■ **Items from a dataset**

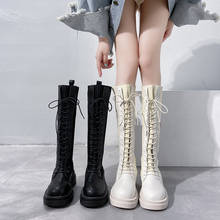 2020 new women's bottomed High boots soft bottom comfortable British style boots Korean version Thick bottom women's boots 35-40 2024 - buy cheap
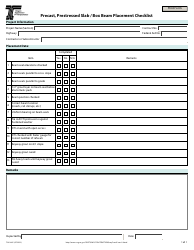 Document preview: Form 734-2885 Precast, Prestressed Slab/Box Beam Placement Checklist - Oregon
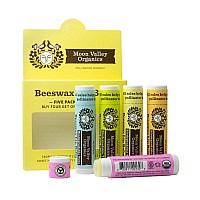 Moon Valley Organics Beeswax Lip Balm For Moisturizing Lips And Cuticles (Vanilla | Lime | Honey | Blackberry | Mint Vanilla, 5-Pack)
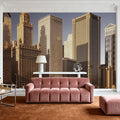 Golden Metropolis Up Close Mural Wallpaper - room preview 03
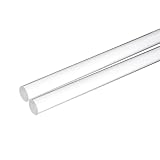 uxcell 2個 アクリル丸棒 25mm x 300mm クリア アクリル棒 PMMAバー押出し 円形 プラスチック ソリッド スティック DIYクラフト照明 園芸 装飾用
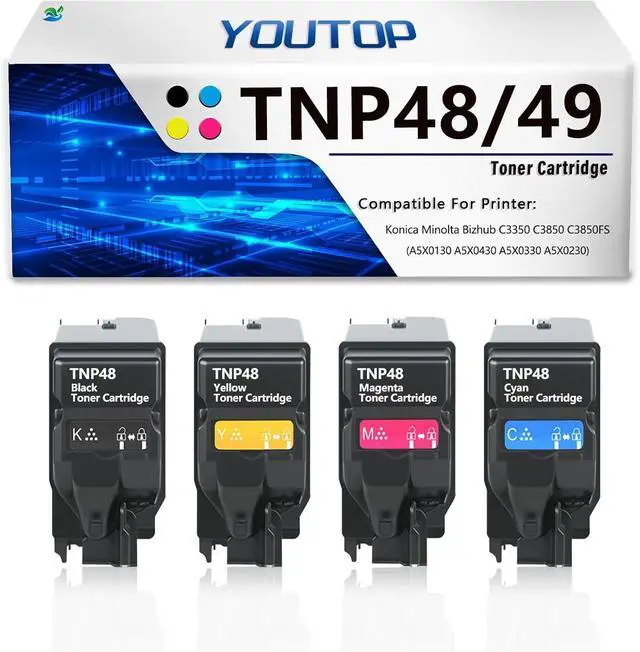 Main image of 4PK TNP-48 TNP48 Toner Cartridge High Yield (A5X0130 A5X0430 A5X0330 A5X0230) Compatible for Konica Minolta bizhub C3350 C3850 C3850FS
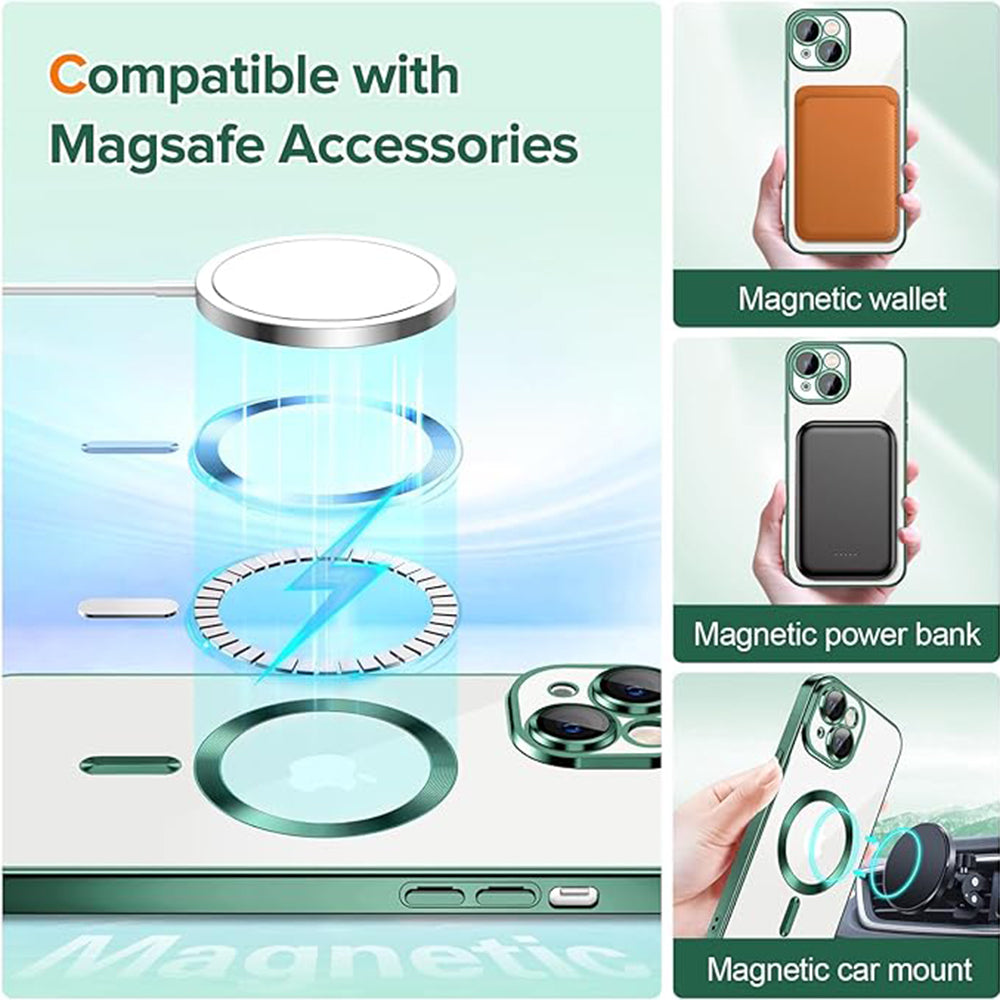 MagSafe-Hülle für Apple iPhone 14 Plus, Techsuit, Luxury Crystal, Dunkelgrün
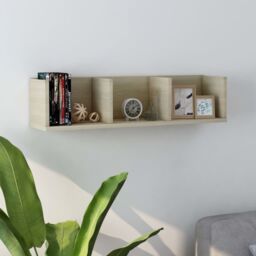 Berkfield Home CD Wall Shelf Sonoma Oak 75x18x18 cm Engineered Wood in Beige - Size: 75 x 18 x 18 cm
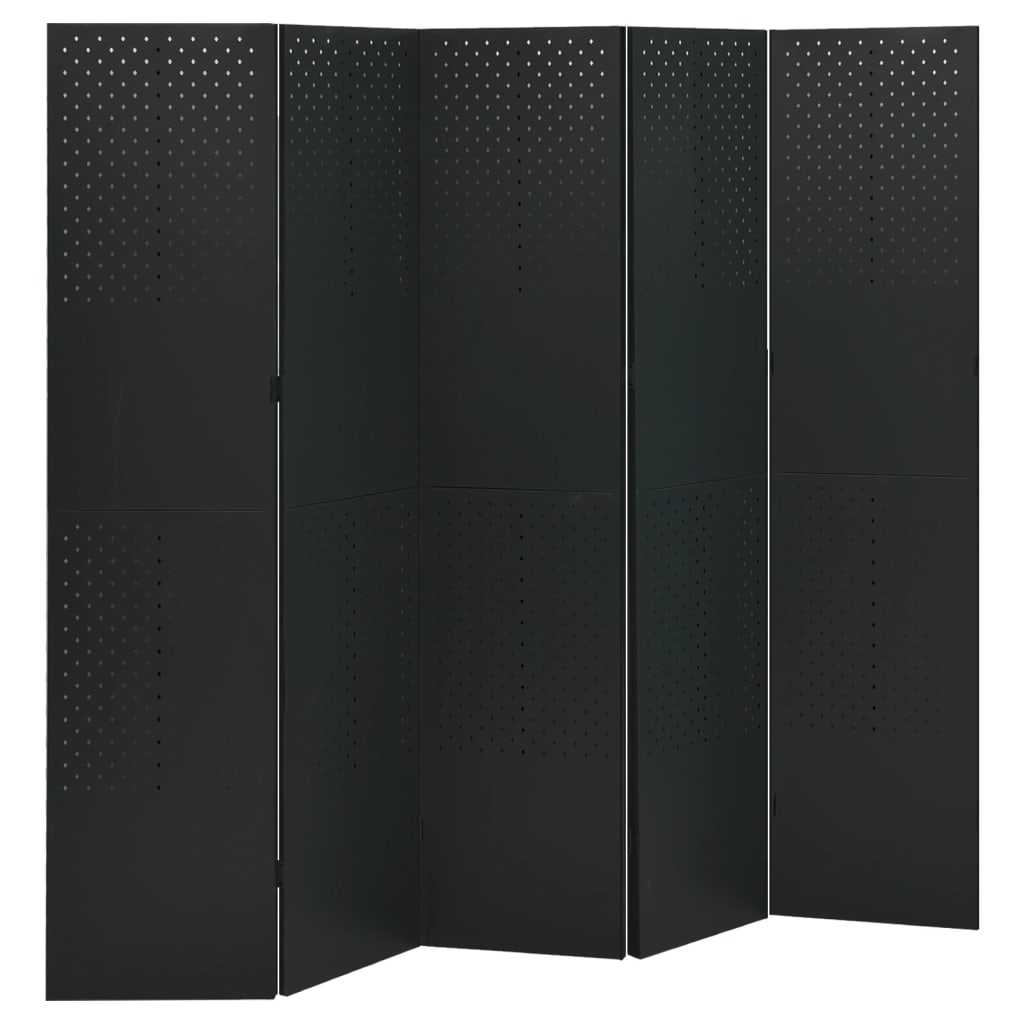 vidaXL Romdeler 5 paneler svart 200x180 cm stål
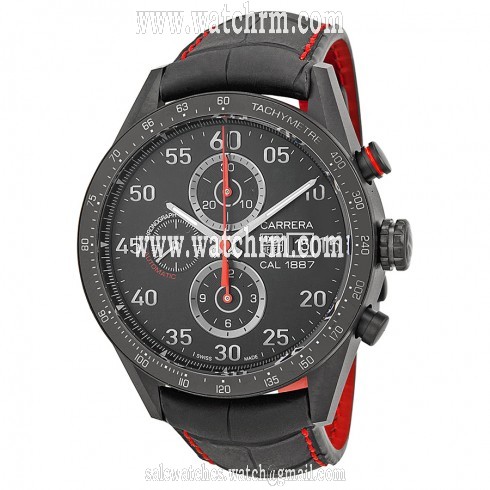 Tag Heuer Carrera 1887 Chronograph Automatic Black Dial Black Leather Men's Watch CAR2A80FC6237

■ **WHAT THE EXERCISE ASKS**
Print all the lines above again exactly, without any pictures.

■ **RESPONSE TO THE EXERCISE**
 2020 new women's bottomed High boots soft bottom comfortable British style boots Korean version Thick bottom women's boots 35-40 2024 - buy cheap
 Document preview: Form 734-2885 Precast, Prestressed Slab/Box Beam Placement Checklist - Oregon
 Moon Valley Organics Beeswax Lip Balm For Moisturizing Lips And Cuticles (Vanilla | Lime | Honey | Blackberry | Mint Vanilla, 5-Pack)
 Golden Metropolis Up Close Mural Wallpaper - room preview 03
 uxcell 2個 アクリル丸棒 25mm x 300mm クリア アクリル棒 PMMAバー押出し 円形 プラスチック ソリッド スティック DIYクラフト照明 園芸 装飾用
 Main image of 4PK TNP-48 TNP48 Toner Cartridge High Yield (A5X0130 A5X0430 A5X0330 A5X0230) Compatible for Konica Minolta bizhub C3350 C3850 C3850FS
 MagSafe-Hülle für Apple iPhone 14 Plus, Techsuit, Luxury Crystal, Dunkelgrün
 Berkfield Home CD Wall Shelf Sonoma Oak 75x18x18 cm Engineered Wood in Beige - Size: 75 x 18 x 18 cm
 vidaXL Romdeler 5 paneler svart 200x180 cm stål
 Tag Heuer Carrera 1887 Chronograph Automatic Black Dial Black Leather Men's Watch CAR2A80FC6237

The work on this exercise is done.